The series reflects a quiet form of urban isolation — not dramatic, but woven into everyday life. A way of being in the city while remaining slightly apart from it. This distance is not necessarily negative; it can also be a moment of reflection or possibility. In the middle of the city’s constant movement, these brief suspensions allow a space for thought, observation, and imagination. The project therefore approaches solitude not as exclusion but as a subtle condition of modern urban existence — a way of inhabiting shared spaces while preserving an inner world.

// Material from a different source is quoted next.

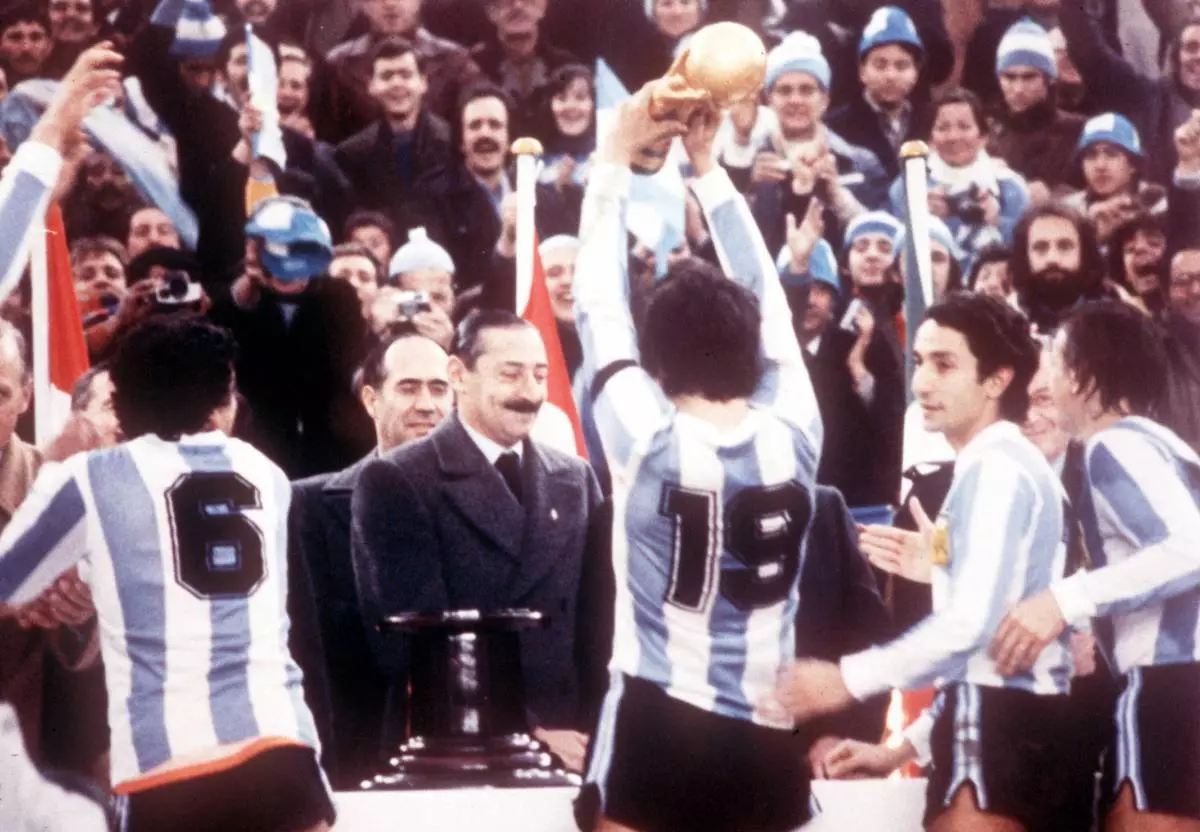 FILE - Argentine President Jorge Rafael Videla, center, looks on after he presented the World Cup Trophy to Argentina's captain Daniel Passarella (19), at the presentation ceremony following the World Cup final soccer match against the Netherlands in the River Plate Stadium in Buenos Aires, June 25, 1978. (AP Photo/Heinz Ducklau)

In Éric Rohmer’s films, the city is never merely a background. Streets, cafés, apartments, and parks become spaces where characters think, hesitate, and question their lives. Movement through the city often mirrors an inner movement: wandering, waiting, searching. His characters observe the world as much as they inhabit it, drifting through urban spaces while reflecting on love, desire, and the possibility of change. Solitude in Rohmer’s cinema is rarely dramatic; it emerges quietly, through pauses, conversations, and moments of uncertainty. Delphine in Le Rayon vert searches for a form of absolute sincerity in love, while Frédéric in Love in the Afternoon wrestles with the tension between stability and temptation. These emotional states unfold within everyday urban environments. In a similar way, Solitudes looks at how the city frames moments of hesitation and interior distance.

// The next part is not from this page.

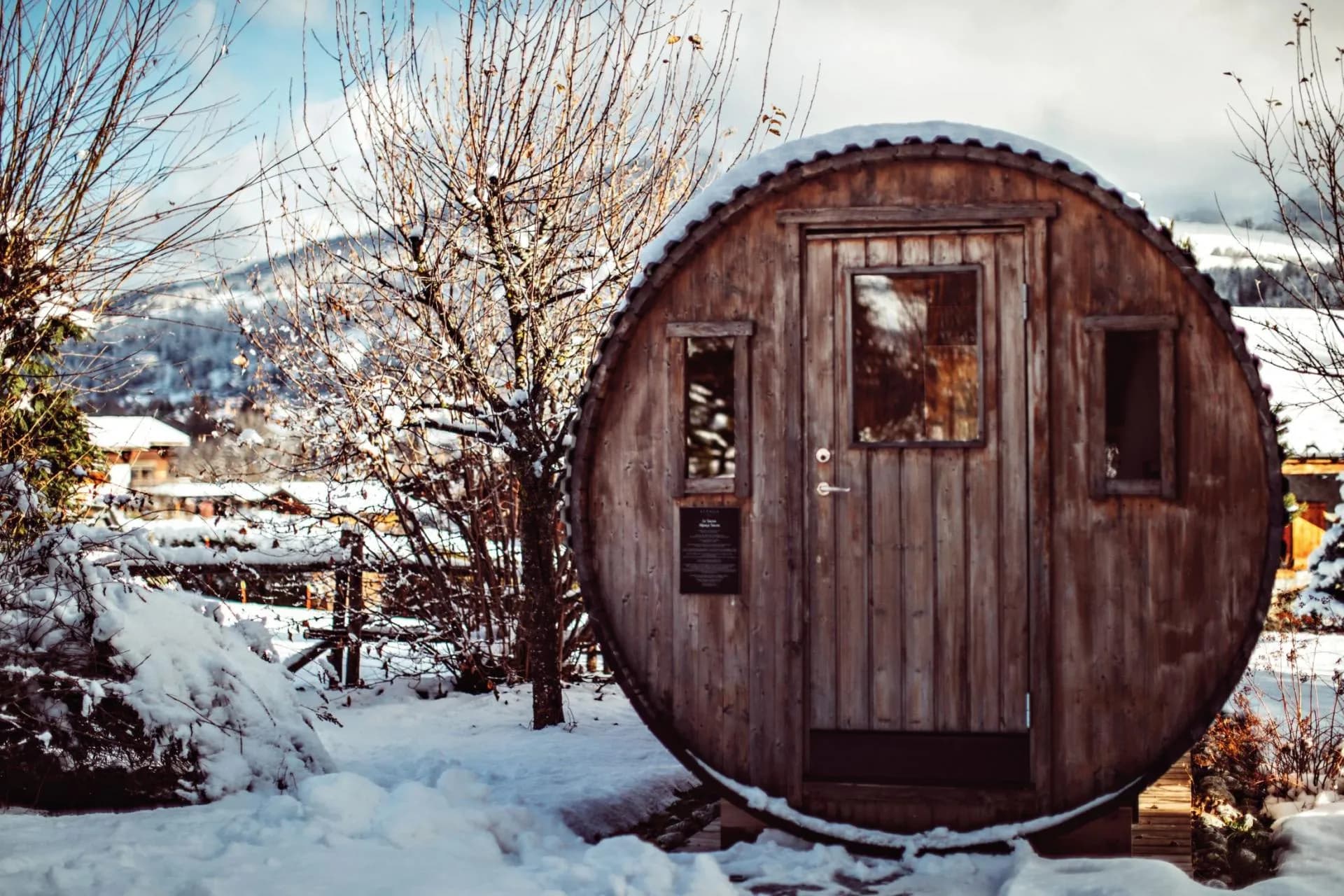 Outdoor barrel sauna with mountain views and snowy landscape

This sensitivity to place strongly influenced the construction of Solitudes. Like Rohmer’s characters, the figures in these photographs seem suspended between decision and hesitation, presence and withdrawal. Their solitude is rarely dramatic; it is quieter, almost ordinary. It appears in small gestures, in a look directed elsewhere, in the distance between a body and the architecture surrounding it. In this sense, the city does not simply isolate individuals — it reveals the subtle emotional distances that already exist within them. The urban environment becomes a stage where these inner states quietly unfold.

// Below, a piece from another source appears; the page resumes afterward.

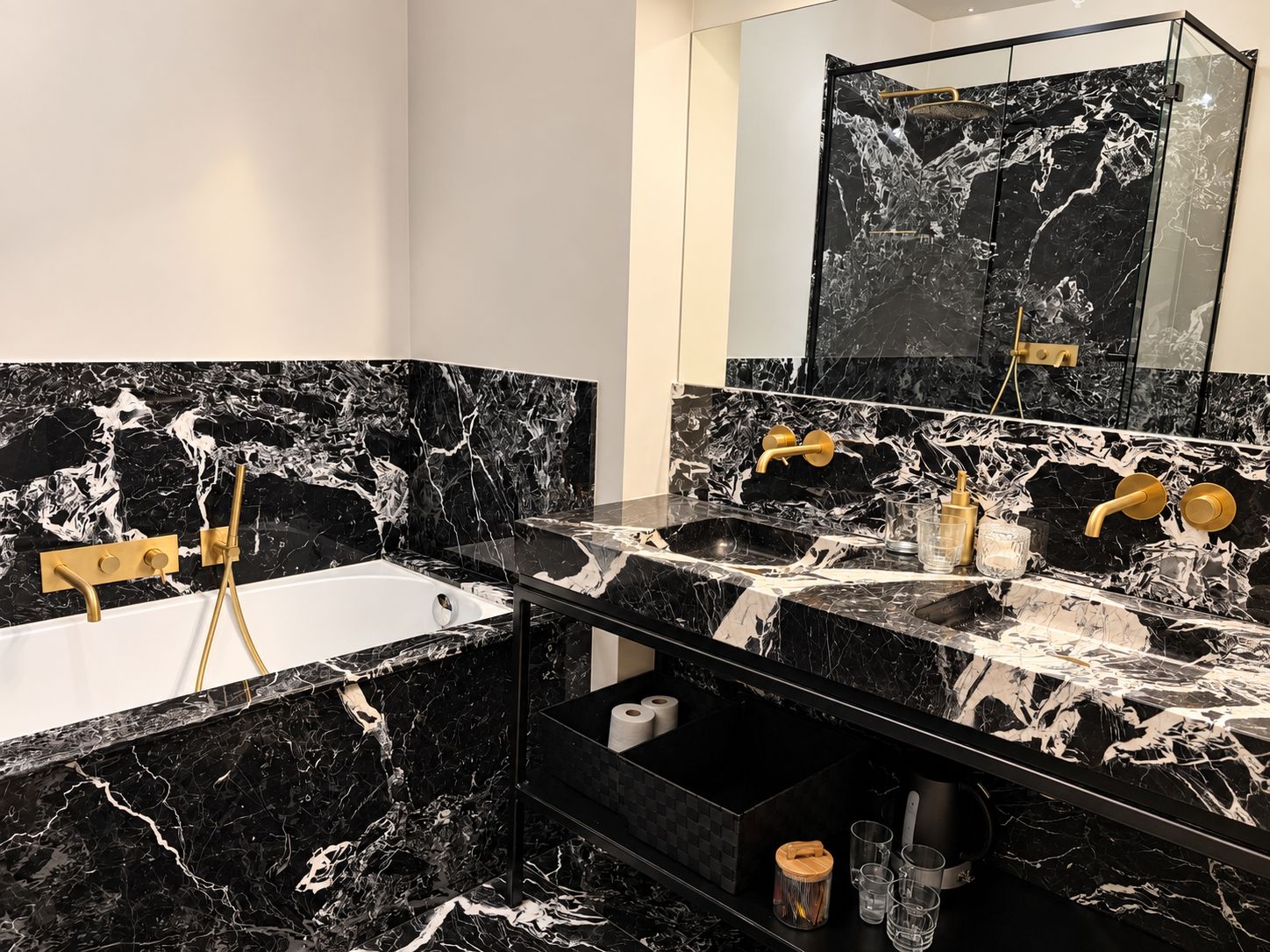 A bathroom with a black and white marble sink, gold fixtures, and a large mirror.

The atmosphere of suspended time also resonates with the cinema of Sofia Coppola. Her films often portray characters moving through beautiful yet emotionally distant environments — hotel rooms, empty streets, swimming pools, anonymous urban spaces. The visual language is quiet, attentive to mood rather than action. Characters drift through spaces that appear both familiar and strangely impersonal, creating a subtle tension between presence and detachment. This sense of emotional distance, often conveyed through light, architecture, and silence, echoes the mood of the diptychs in Solitudes. The figures seem present in the city, yet slightly removed from it, as if suspended between participation and observation.

Besides, a similar sensibility can be found in the writing of Françoise Sagan, particularly in works such as Les Merveilleux Nuages and Un certain sourire. Sagan’s characters move through cities, seaside landscapes, and social spaces with an elegant detachment. Beneath the lightness of the narrative lies a persistent sense of melancholy and emotional uncertainty. Her protagonists often observe their own lives and thoughts with a mixture of lucidity and distance, aware of their desires yet unsure how to inhabit them fully. This tension between intimacy and detachment resonates strongly with the emotional landscape explored in Solitudes, where the city becomes a stage for quiet reflection, longing, and the search for meaning within everyday experience.